• [Supplied material]
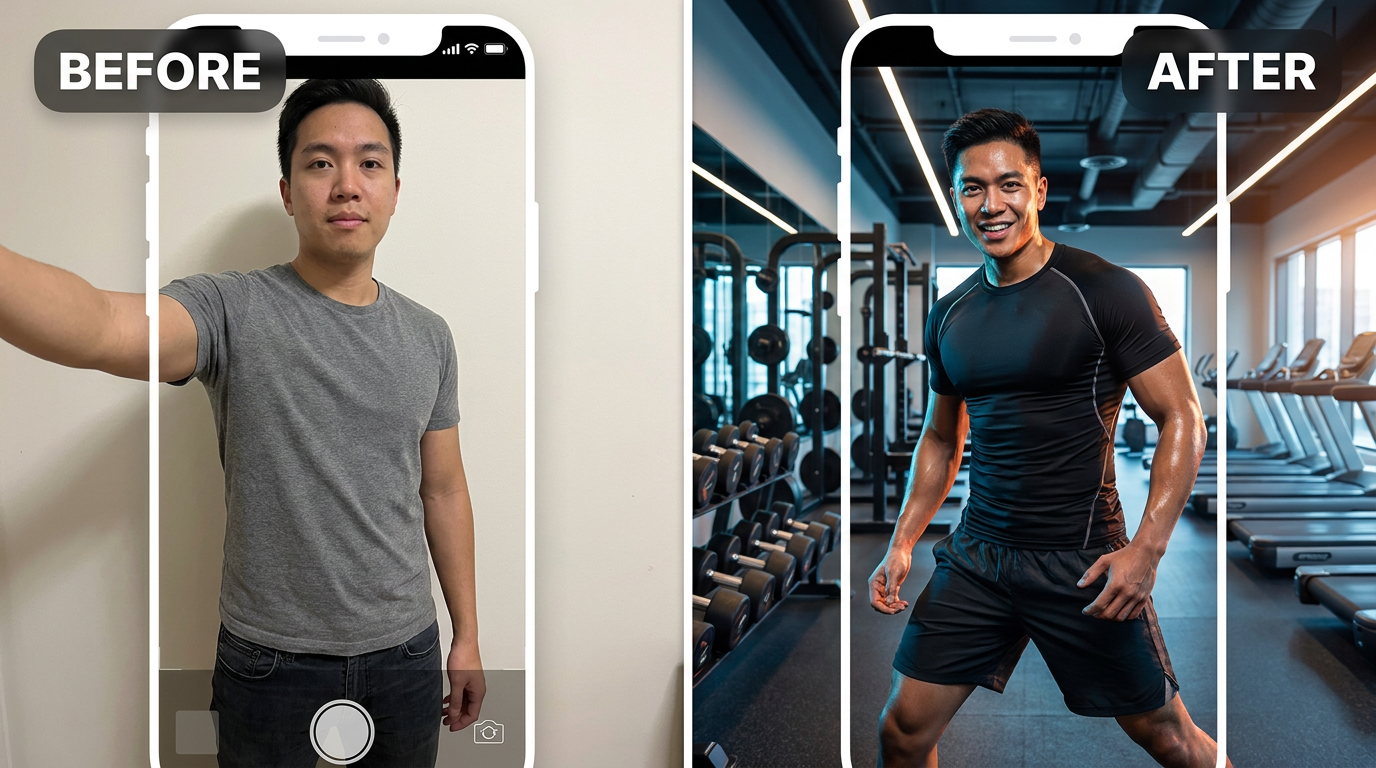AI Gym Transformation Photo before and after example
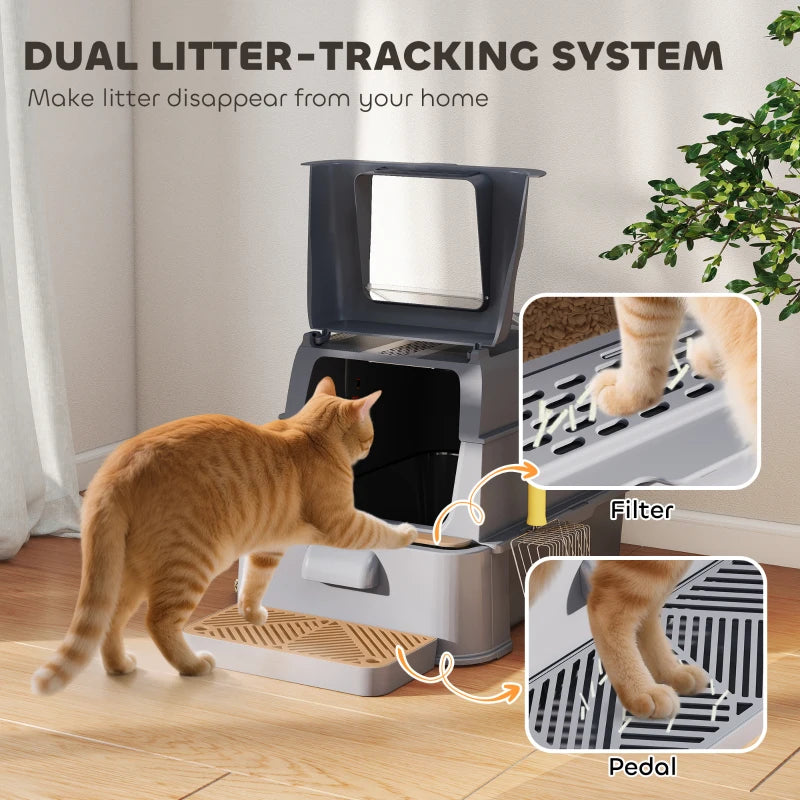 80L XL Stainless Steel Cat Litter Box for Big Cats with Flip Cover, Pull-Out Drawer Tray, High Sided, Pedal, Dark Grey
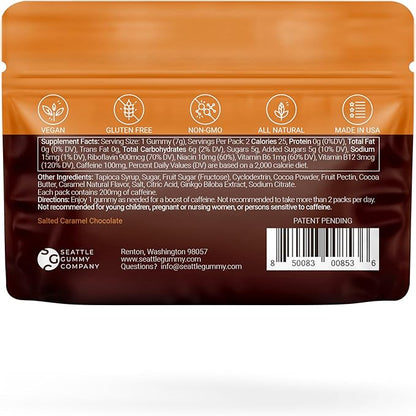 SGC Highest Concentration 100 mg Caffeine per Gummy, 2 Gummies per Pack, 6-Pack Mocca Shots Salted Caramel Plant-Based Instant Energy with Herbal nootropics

• [Task] No pictures should appear in the copy. Print exactly the lines above from the line containing "80L XL Stainless" through the last line of the data.

• [Your solution]
 80L XL Stainless Steel Cat Litter Box for Big Cats with Flip Cover, Pull-Out Drawer Tray, High Sided, Pedal, Dark Grey
 SGC Highest Concentration 100 mg Caffeine per Gummy, 2 Gummies per Pack, 6-Pack Mocca Shots Salted Caramel Plant-Based Instant Energy with Herbal nootropics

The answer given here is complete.